===== Exercise data =====

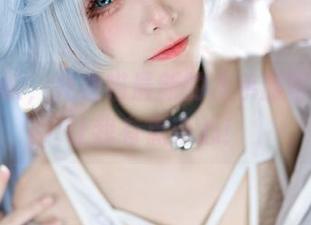 不想承认，九柒喵最新的水手服写真真的让我有点动心！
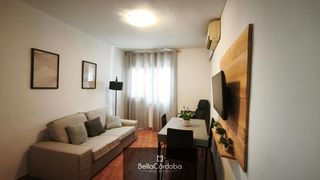 Lloguer Pis a Viñuela - Rescatado. Piso en avd. libia alquiler para estudiantes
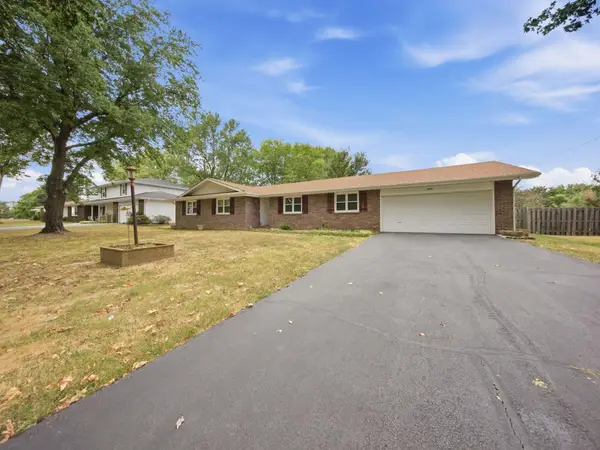 4951 S Palmer Avenue, Springfield, MO 65804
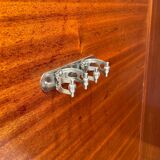 Armoire en placage de noyer restaurée d'influence Art Déco, années 1930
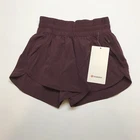 NEW LULULEMON Tracker 4" LR Short 8 Cassis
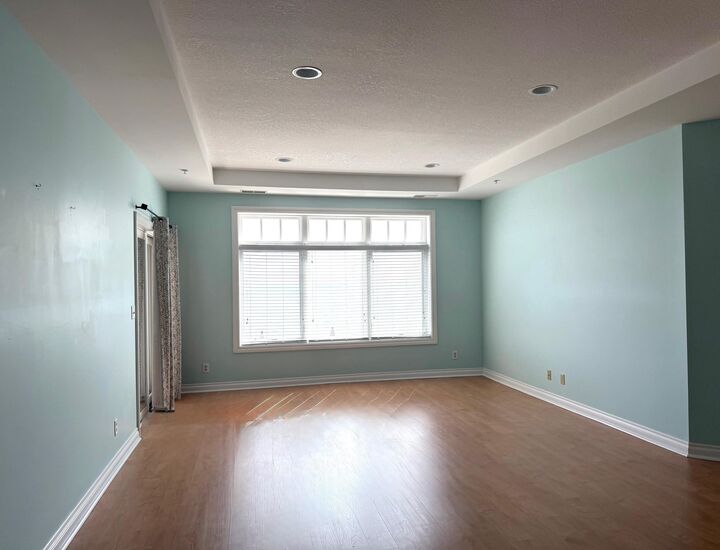 Property Photo:  576 N Huron Road Unit #102  MI 48703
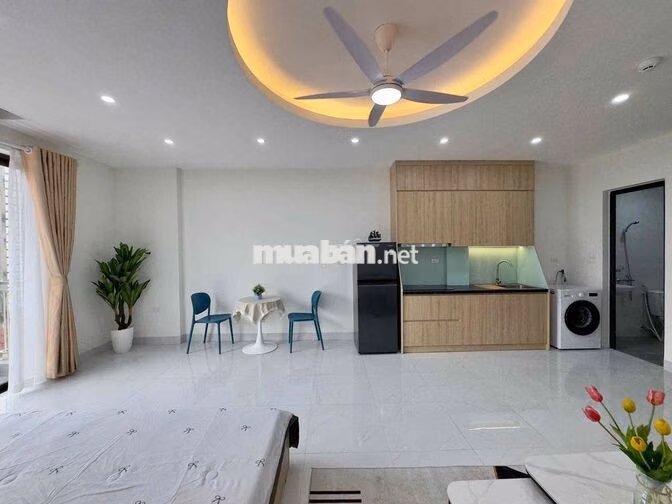 STUDIO FULL ĐỒ SIÊU RỘNG BAN CÔNG NGAY TRUNG TÂM CẦU GIẤY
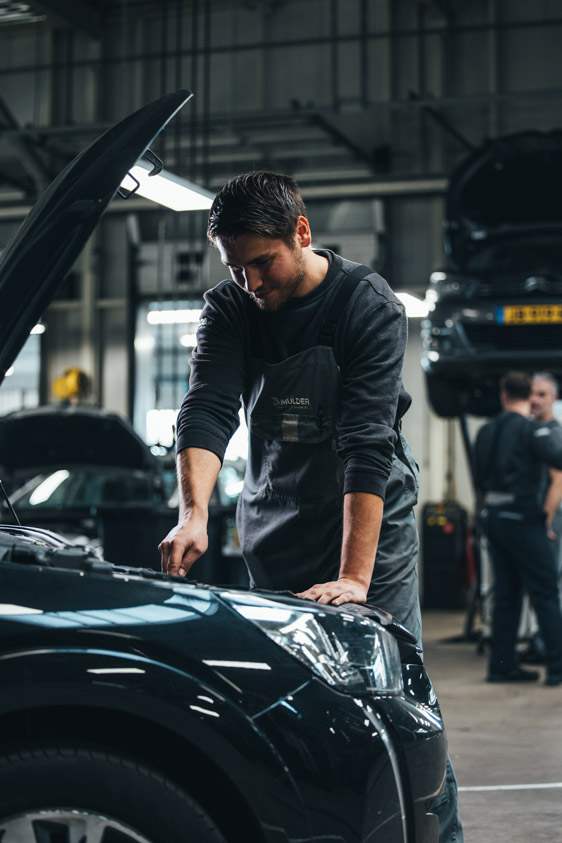 mulder Van Mill monteur bij open motorkap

=====

### What is being asked
Your task is to restate every record word for word. Omit all pictures.

### Answer to this task
 不想承认，九柒喵最新的水手服写真真的让我有点动心！
 Lloguer Pis a Viñuela - Rescatado. Piso en avd. libia alquiler para estudiantes
 4951 S Palmer Avenue, Springfield, MO 65804
 Armoire en placage de noyer restaurée d'influence Art Déco, années 1930
 NEW LULULEMON Tracker 4" LR Short 8 Cassis
 Property Photo:  576 N Huron Road Unit #102  MI 48703
 STUDIO FULL ĐỒ SIÊU RỘNG BAN CÔNG NGAY TRUNG TÂM CẦU GIẤY
 mulder Van Mill monteur bij open motorkap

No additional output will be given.